How Relevant is Marx Today?

[quote]Trocchi wrote:

[quote]Khazad wrote:

What about doctors? What about most engineers? What about the majority of lawyers? They aren’t your typical proletarians, yet they’re usually neither bosses in corporations nor politicians.
What about small, family business?

You want a classless society without any hierarchy.
It would mean that a doctor who spent most of his 20s studying most of the day (and night…), at the cost of his social life, with little free time, would be in the same position as someone who is now working at the lowest wage. Now, one of them works under huge stress, the smallest mistake he makes can cost someone life and cause incredible legal problems. On top of that, he has to keep learning until the retirement. The other one goes to work in the morning, spends there ~8 hours and comes back home. His position doesn’t require a lot of thinking. There is little stress related to his job. If he makes even a big mistake, even in the worst case he’ll just lose his job. Not be put in jail for many years along with a 6 figure+ fine.
When he comes back home, he can totally forget about his job. He doesn’t have to keep learning, maybe he has to participate in one, short and relatively easy course/training a year.
Now, how can these 2 jobs be compared? Do you really think there should be no difference between people holding those positions?
If you don’t like the example of doctors, what about computer scientists or electrical engineers? The stress and responsibility is much lower than in the case of doctors, but they still are there. Both jobs require many years of hard training and constant learning and improvements later.
Should they really be in the same position in the society as someone who is handing out flyers

Somebody who has what it takes to become a doctor or electrical engineer, should be granted a chance to become one, whether he comes from a rich or poor family. A chance. If he has what it takes.

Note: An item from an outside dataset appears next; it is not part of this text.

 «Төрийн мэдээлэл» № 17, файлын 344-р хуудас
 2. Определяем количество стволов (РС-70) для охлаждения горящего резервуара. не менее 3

Why someone who studies for years and then works on a demanding position requiring high skills, under huge responsibility, should be given the same position in the society as someone who doesn’t?

You don’t deserve a high position in the society just because you want it. You have to earn it.

By the way, I don’t live in America.[/quote]

Things must be different in Poland.

In the UK all the trainee doctors I know really want to be doctors to ‘be doctors’, all the doctors I know love their jobs and would do it for minimum wage.

Most students doing ‘years of hard training (doctors included)’ get selected on the basis of the hard work (lol) they did between ages 15-18. They also do it because they like it and are interested in it, and a large part of uni is that it is a lot of fun!

Nurses are a better example - they have loads of responsibility, essential to society, have to learn all their lives, and they get paid next to nothing and have very little respect! Or even care workers.

And tbh what do you think is more enjoyable - sitting in a comfy office designing electrical circuits or 12 hour days scrubbing the piss off public loo floors or caring full time for a disabled person (inc dressing them, wiping them etc)?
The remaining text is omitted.